Your New World hero begins at the pristine task. I pray you, who are
born to the nobility of the New World, forget not the glory of your
heritage; for the place which God hath given you in the history of the
race is one which men must hold in envy when Roman patrician and Norman
conqueror and robber baron are as forgotten as the kingly lines of old
Egypt.

Fifty ton was our craft, with a crazy pitch to her prow like to take a
man's stomach out and the groaning of infernal fiends in her timbers.
Twelve men, our crew all told, half of them young gentlemen of fortune
from Quebec, with titles as long as a tilting lance and the fighting
blood of a Spanish don and the airs of a king's grand chamberlain.
Their seamanship you may guess. All of them spent the better part of
the first weeks at sea full length below deck. Of a calm day they
lolled disconsolate over the taffrail, with one eye alert for flight
down the companionway when the ship began to heave.
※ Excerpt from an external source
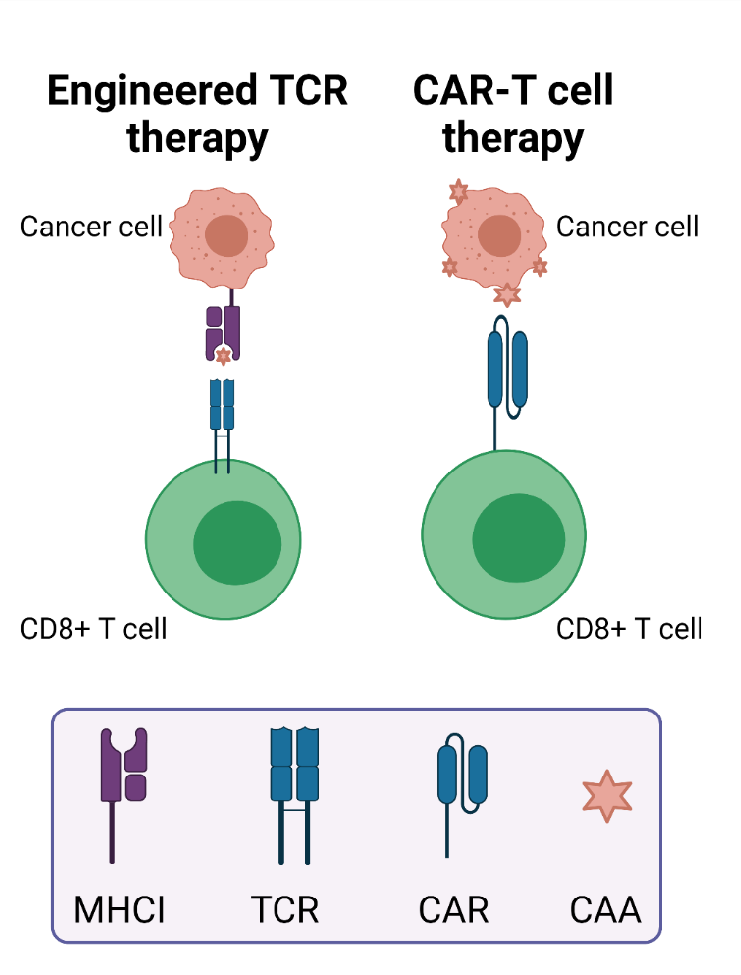 Engineered T cell receptor therapy vs. CAR-T cell therapy. Engineered T cell receptor (TCR) T cell therapy involves engineering T cells with receptors that are specific for MHC class I-presented antigenic peptides. Chimeric antigen receptor T cell (CAR-T cell) therapy involves direct recognition of CAAs on the cancer cell surface. MHCI, major histocompatibility complex class I; TCR, T cell receptor; CAR, chimeric antigen receptor; CAA, cancer-associated antigen.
"What are you doing back there, La Chesnaye?" asks M. de Radisson, with
a quiet wink, not speaking loud enough for fo'castle hands to hear.

"Cursing myself for ever coming," growls that young gentleman, scarce
turning his head.

"In that case," smiles Sieur Radisson, "you might be better occupied
learning to take a hand at the helm."

"Sir," pleads La Chesnaye meekly, "'tis all I can do to ballast the
ship below stairs."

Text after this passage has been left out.